Materials Technology: Defining the Limits of Innovation

Technological breakthroughs, from faster-charging batteries and more powerful microchips to biocompatible materials, are determined not by devices but by the materials themselves. Materials science therefore defines the boundaries of what technology can achieve.

HaUI’s Materials Technology program trains students to understand, design, and optimize materials for specific industrial applications. Students study material structures, properties, and fabrication processes, working with polymers, composites, nanomaterials, and biomaterials in an industrial context. Laboratory experiments, analytical techniques, and quality control methods allow students to approach materials as systems that can be engineered, measured, and improved. Graduates can work in research and development, materials design, production, quality assurance, and applications in sectors including manufacturing, chemicals, electronics, automotive, construction, and biomedical industries, as well as research institutes and regulatory bodies.

Automotive Engineering and New Energy: Vehicles as Integrated Technological Systems

Government plans aim for all road vehicles to operate on electricity and green energy by 2050, signaling a transformation of the automotive sector from traditional mechanical engineering into an integrated discipline that combines mechanics, electronics, control systems, and energy technologies.

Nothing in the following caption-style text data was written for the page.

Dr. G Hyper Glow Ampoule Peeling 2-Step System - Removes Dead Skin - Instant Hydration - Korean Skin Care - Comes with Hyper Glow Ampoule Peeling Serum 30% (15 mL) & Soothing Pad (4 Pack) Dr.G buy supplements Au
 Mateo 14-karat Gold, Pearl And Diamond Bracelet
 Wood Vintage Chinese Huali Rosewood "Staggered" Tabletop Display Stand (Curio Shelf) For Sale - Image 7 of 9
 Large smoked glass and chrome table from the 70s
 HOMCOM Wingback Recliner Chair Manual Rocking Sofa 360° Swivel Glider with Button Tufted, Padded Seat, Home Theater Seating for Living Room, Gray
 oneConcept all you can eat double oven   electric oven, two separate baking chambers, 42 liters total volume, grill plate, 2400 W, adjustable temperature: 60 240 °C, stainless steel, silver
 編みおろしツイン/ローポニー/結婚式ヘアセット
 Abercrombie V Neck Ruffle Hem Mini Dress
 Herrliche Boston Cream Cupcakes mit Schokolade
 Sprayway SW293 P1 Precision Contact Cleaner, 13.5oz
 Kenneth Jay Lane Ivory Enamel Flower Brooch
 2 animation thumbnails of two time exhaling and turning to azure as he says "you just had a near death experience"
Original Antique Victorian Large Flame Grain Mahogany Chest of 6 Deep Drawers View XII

HaUI’s Automotive Engineering and New Energy program embodies this interdisciplinary vision. Students gain a comprehensive understanding of vehicle structures and operations while being introduced to electric drive systems, battery technologies, intelligent control systems, and sustainable energy solutions. The curriculum emphasizes extensive practical training in modern laboratories and workshops, allowing students to work directly with hybrid engines, battery testing systems, and diagnostic equipment. This hands-on experience equips graduates with the skills to analyze and manage complex engineering systems and prepares them for careers in design, production, operations, maintenance, and system development within the automotive and energy sectors, or to pursue further research in green and sustainable technologies.